Ai2 introduces advanced language models designed to compete with Meta’s Llama, offering new options in AI technology
A novel AI model family has emerged, one of the few that can be replicated from the ground up.
Ai2, the nonprofit AI research organization established by the late Paul Allen, released OLMo 2, the second family of models in its OLMo series, on Tuesday. (OLMo is an acronym for “Open Language Model.”)
Although there is an abundance of “open” language models to select from (e.g., Meta’s Llama), OLMo 2 adheres to the Open Source Initiative’s definition of open source AI, which implies that the tools and data utilized in its development are publicly accessible.
In October, the Open Source Initiative, a long-standing organization that is dedicated to the definition and “stewardship” of all things open source, completed its definition of open source AI. However, the initial OLMo models, which were introduced in February, also satisfied the criteria.
“OLMo 2 [was] developed start-to-finish with open and accessible training data, open-source training code, reproducible training recipes, transparent evaluations, intermediate checkpoints, and more,” AI2 wrote in a blog post. “We hope to provide the open-source community with the resources needed to discover new and innovative approaches by openly sharing our data, recipes, and findings.”
The OLMo 2 family consist of two models: one with 7 billion parameters (OLMo 7B) and one with 13 billion parameters (OLMo 13B).
Models with a greater number of parameters typically outperform those with fewer parameters, as parameters are essentially equivalent to the problem-solving abilities of the model.
OLMo 2 7B and 13B, like most language models, can execute various text-based tasks, including query answering, document summarization, and code writing.
Ai2 employed a data set of 5 trillion tokens to train the models. Tokens represent bits of unprocessed data; approximately 750,000 words are equivalent to 1 million tokens.
The training set comprised academic papers, math workbooks (both synthetic and human-generated), question-and-answer discussion forums, and websites that were “filtered for high quality.”
Ai2 asserts that the outcome is the development of models that are competitive in terms of performance, using open models such as Meta’s Llama 3.1 release.
“Not only do we observe a dramatic improvement in performance across all tasks compared to our earlier OLMo model but, notably, OLMo 2 7B outperforms LLama 3.1 8B,” Ai2 writes. “OLMo 2 [represents] the best fully-open language models to date.”
The OLMo 2 models and all of their components are available for download on Ai2’s website. They are subject to the Apache 2.0 license, which permits their commercial use.
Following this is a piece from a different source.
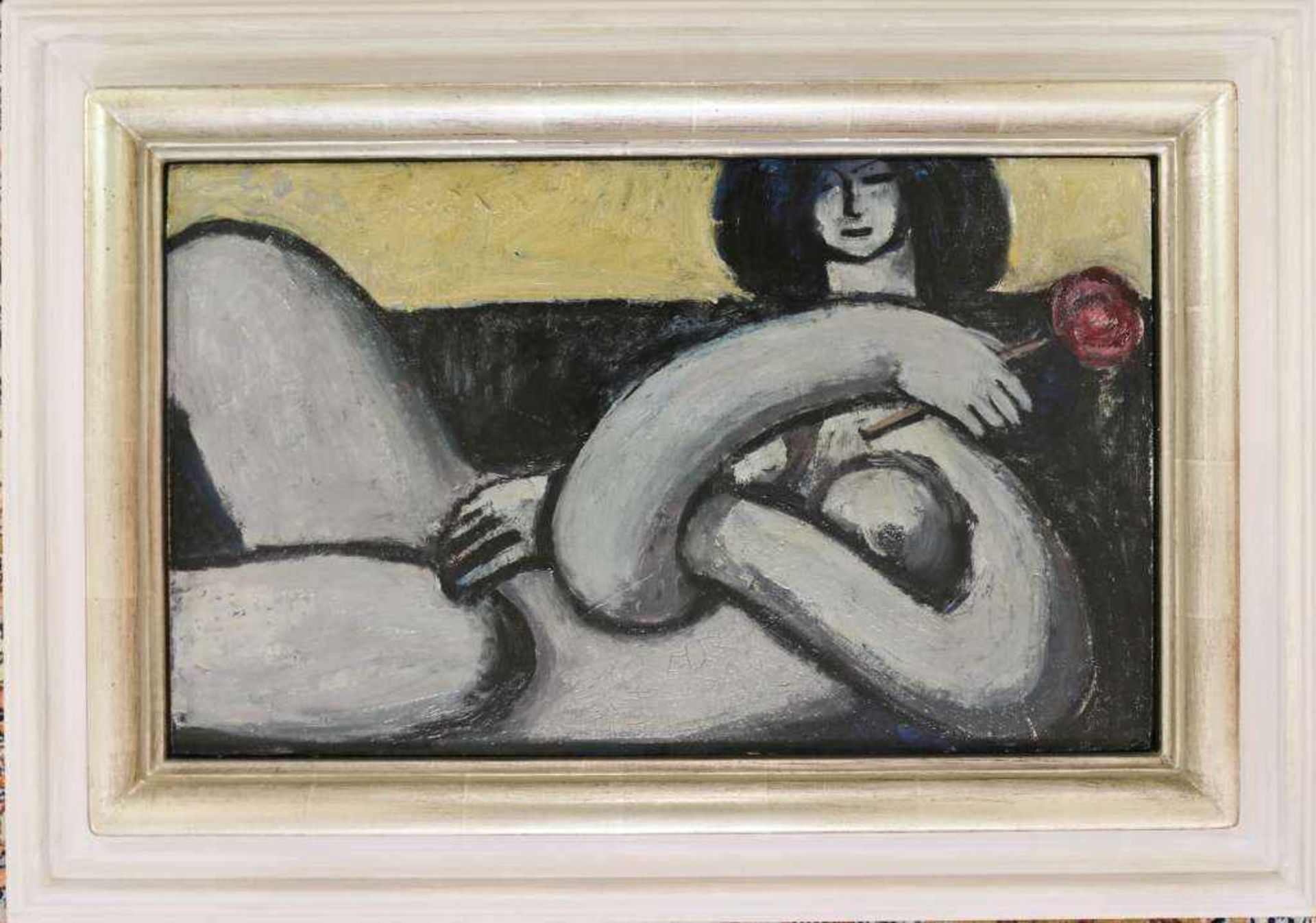 Gerhard OPITZ (1926-1978), liegender Frauenakt, Öl auf Hartfaser, o.li. monogr. u. dat. GO 68, verso - Bild 4 aus 4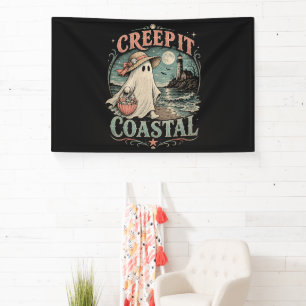 Cute Beach Ghost Spooky Coastal Halloween Banner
Recently, there has been some controversy regarding the safety of open models, as Llama models are purportedly being employed by Chinese researchers to create defense tools.
Dirk Groeneveld, an engineer at Ai2, informed me in February that he was not concerned about the exploitation of OLMo, as he is of the opinion that the advantages ultimately outweigh the disadvantages.
“Yes, it’s possible open models may be used inappropriately or for unintended purposes,” he said. “[However, this] approach also promotes technical advancements that lead to more ethical models; is a prerequisite for verification and reproducibility, as these can only be achieved with access to the full stack; and reduces a growing concentration of power, creating more equitable access.”